An IRS tax lien attaches to all of debtor’s property, both personal and real, therefore, so long as there is some equity to which it can attach it may not be stripped off. In re Blackburn, No. 12-31658 (Bankr. N.D. Fla. Feb. 3, 2015).
At the time the debtor filed for chapter 7 bankruptcy, his residence was over-encumbered by a first mortgage with a secondary IRS tax lien. Arguing that the tax lien was wholly unsecured, tThe debtor sought to strip it off pursuant to the Eleventh Circuit reasoning in McNeal v. GMAC Mortgage, LLC, 735 F.3d 1263, 1264 (11th Cir. 1989), and In re Folendore, 862 F.2d 1537, 1538 (11th Cir. 1989). Those cases bucked the trend to find that Dewsnup v. Timm, 502 U.S. 410 (1992), does not preclude strip-off of a wholly unsecured lien in chapter 7. [Challenges to McNeal are currently pending before the Supreme Court in Bank of America v. Toledo-Cardona, No. 14-163, Bank of America v. Caulkett, No. 13-1421 (NACBA filed an amicus brief in those cases), and Bank of America v. Bello, No. 14-235].
The court disagreed.

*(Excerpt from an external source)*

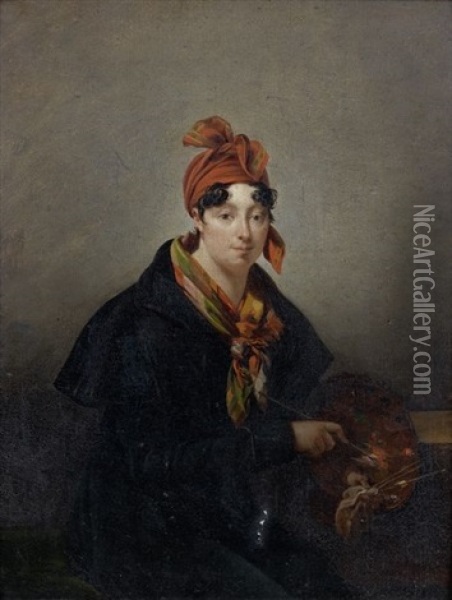 Autoportrait A La Palette Oil Painting - Hortense Haudebourt Lescot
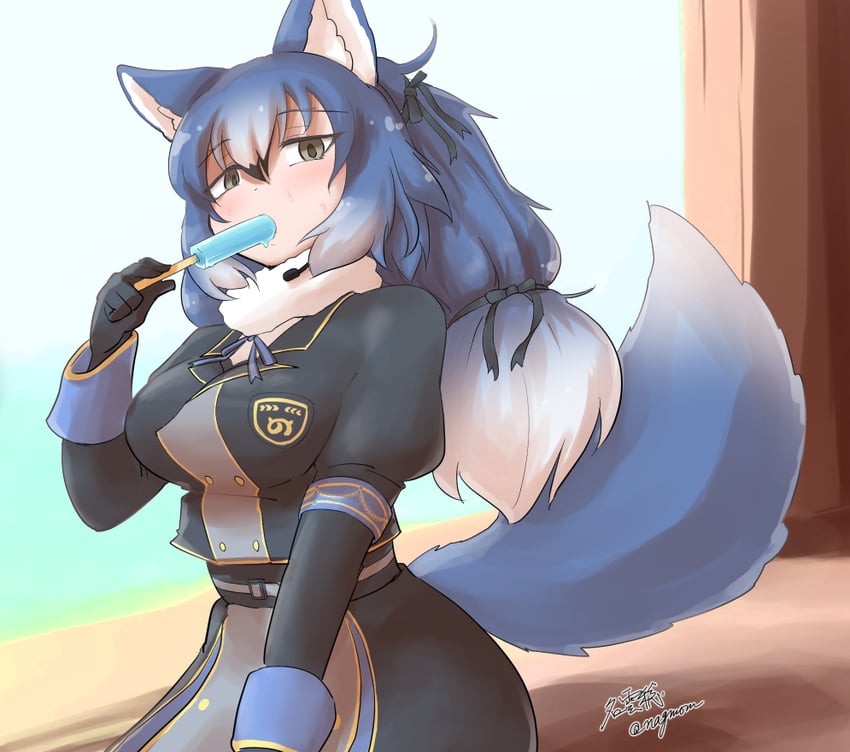 dire wolf (kemono friends and 1 more) drawn by taurine_8000mg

The nature of an IRS tax lien, though listed on the encumbrances for the debtor’s real property, is not limited to satisfaction through any particular property. Rather, 26 U.S.C. § 6321 provides that a lien based on delinquent federal taxes “shall be a lien in favor of the United States upon all property and rights to property, whether real or personal, belonging to [the delinquent taxpayer].” In this case, the debtor had equity in personal property. Therefore, even granting that the lien on the debtor’s real property was wholly unsecured by virtue of the first mortgage (a fact not conceded by the IRS), the IRS’s lien was still at least partially secured by the debtor’s remaining property. As a partially secured lien it could not be stripped.